▶ **Work order**: What follows is a listing; restate every line of it word for word.

▶ **Input data**:

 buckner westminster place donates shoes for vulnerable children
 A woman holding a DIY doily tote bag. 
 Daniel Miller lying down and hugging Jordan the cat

▶ **Result of the exercise**:
 buckner westminster place donates shoes for vulnerable children
 A woman holding a DIY doily tote bag. 
 Daniel Miller lying down and hugging Jordan the cat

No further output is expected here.